OpenID 2.0 от Google был заменен OpenID Connect. Модуль Apache mod_auth_openidc реализует OpenID Connect, поэтому его можно использовать в обратном прокси-сервере, обращенном к Gerrit/Jenkins, как описано в revau.lt.

Однако имейте в виду, что использование не-доменной части адреса электронной почты в качестве уникального идентификатора небезопасно, если вы не ограничиваете вход в систему конкретным доменом, используя следующие два параметра конфигурации:

OIDCAuthRequestParams hd=example.com

пропустить экран выбора учетной записи Google, и в <Location> раздел:

Require claim hd:example.com

ограничить доступ только пользователям из example.com Домен Google. Если ваше приложение открыто для любой учетной записи Google, вы не должны использовать префикс электронной почты в качестве основного идентификатора, поскольку вы рискуете столкнуться с тем, что пользователи в разных доменах имеют одинаковый префикс пользователя.

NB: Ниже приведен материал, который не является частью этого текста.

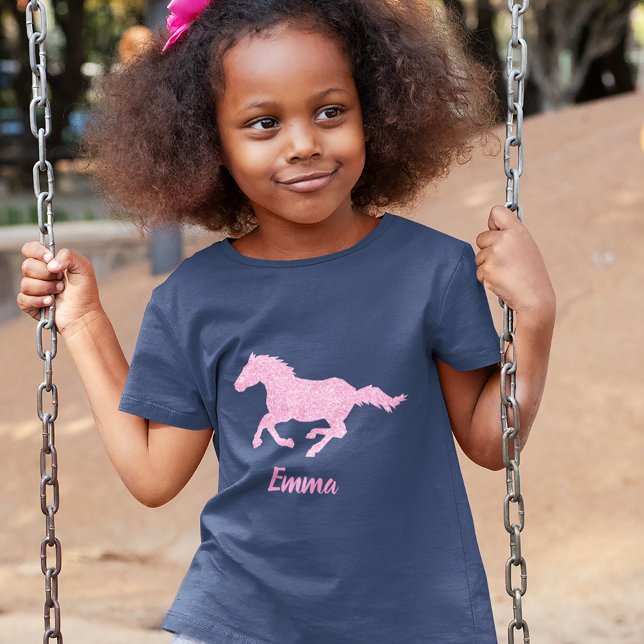 Pink Glitzer Horse Little Girl Vorname Tier T-Shirt (Von Creator hochgeladen)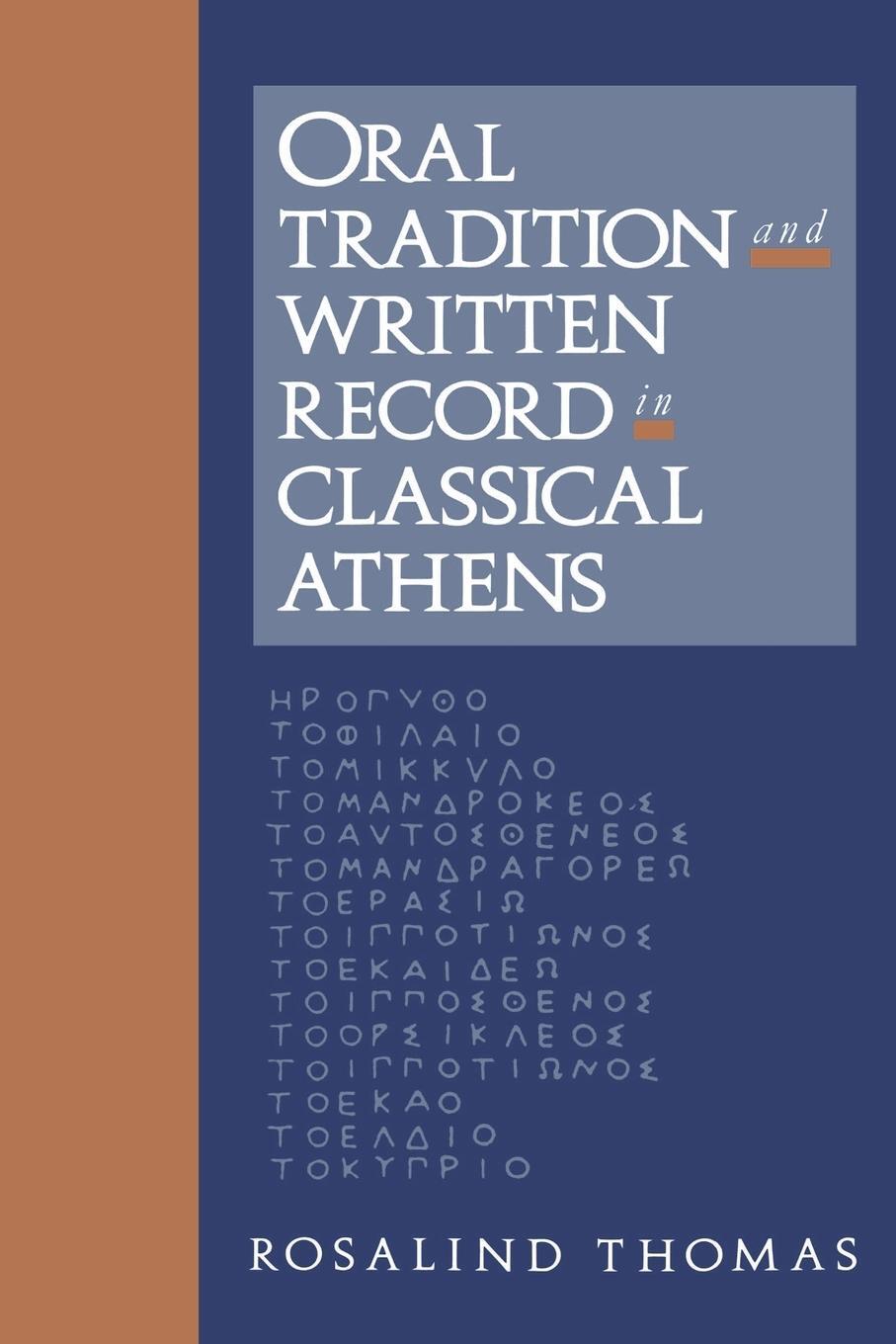 Cover: 9780521425186 | Oral Tradition and Written Record in Classical Athens | Thomas | Buch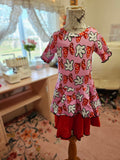 GIRL'S Minnie Mouse Pink Bows Dress CL w/ layered skirt 4T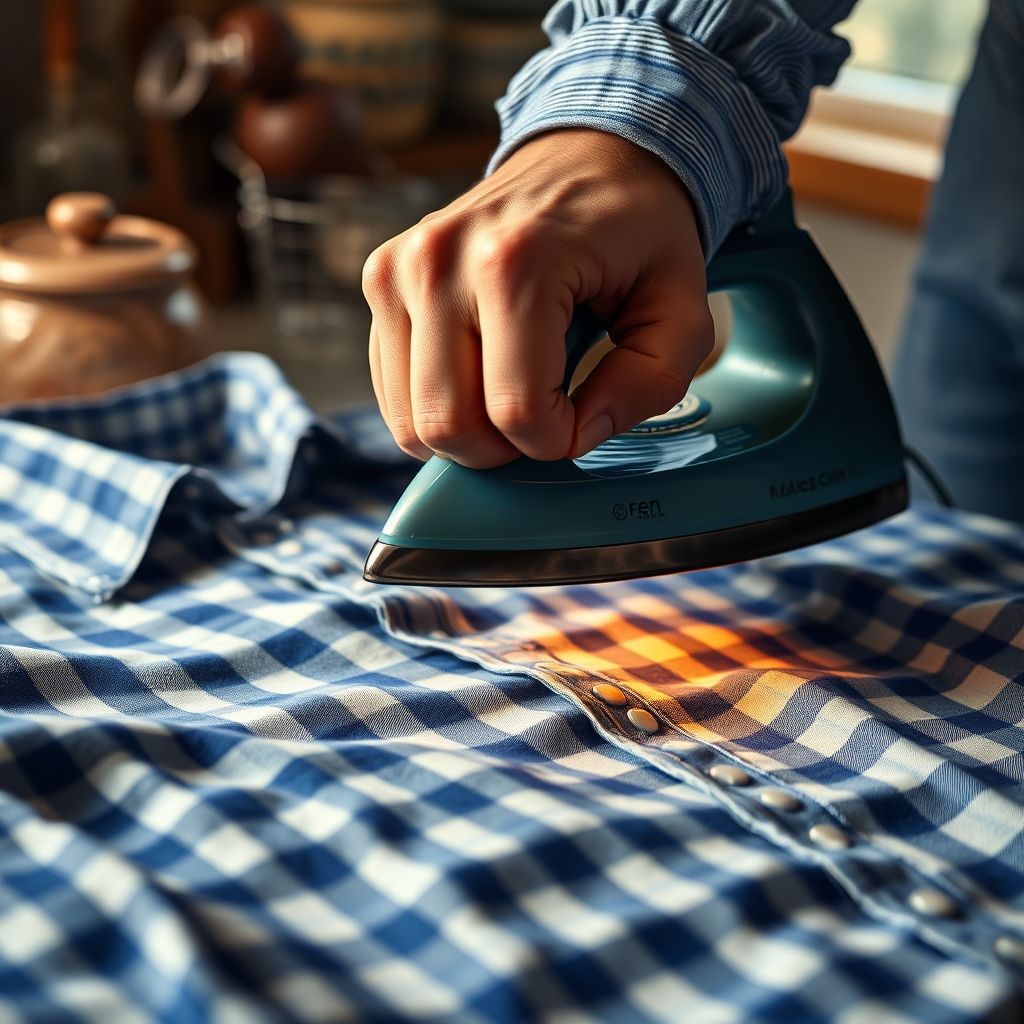 Une main saisit avec assurance la poignée d'un fer à vapeur traditionnel, pressant délicatement une chemise à carreaux bleus parfaitement étalée, le tissu lisse brillant sous la vapeur. L'environnement suggère un soin méticuleux et un travail artisanal.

Вот почему лучше полагаться на полный адрес электронной почты, например

OIDCRemoteUserClaim email

или (непрозрачный) первичный идентификатор, который Google использует в sub претензия, например:

OIDCRemoteUserClaim sub

Кроме того, вместо переписывания утверждений в заголовки вы можете просто использовать:

OIDCAuthNHeader X-Forwarded-User

Миграция с OpenID 2.0 на OpenID Connect (сохраняя идентификаторы пользователей OpenID 2.0) возможна, как описано здесь и здесь, поэтому вы должны использовать:

OIDCAuthRequestParams openid.realm=<urlencoded-realm-value>
OIDCRemoteUserClaim openid_id

Для полного обзора конфигурационных примитивов смотрите: https://github.com/pingidentity/mod_auth_openidc/blob/master/auth_openidc.conf

Как я знаю, самый быстрый способ войти в Gerrit с помощью учетной записи Google:

1. Создать идентификатор клиента в консоли разработчиков Google
2. Загрузите этот выпуск плагина Gerrit и Google-OAuth-провайдера
3. Переинициализировать Геррит: java -jar gerrit-2.10.1-4-a83387b.war init -d gerrit_site_path
4. И перезапустите его: gerrit_site_path/bin/gerrit.sh restart

Для Дженкинса новый плагин для входа в Google.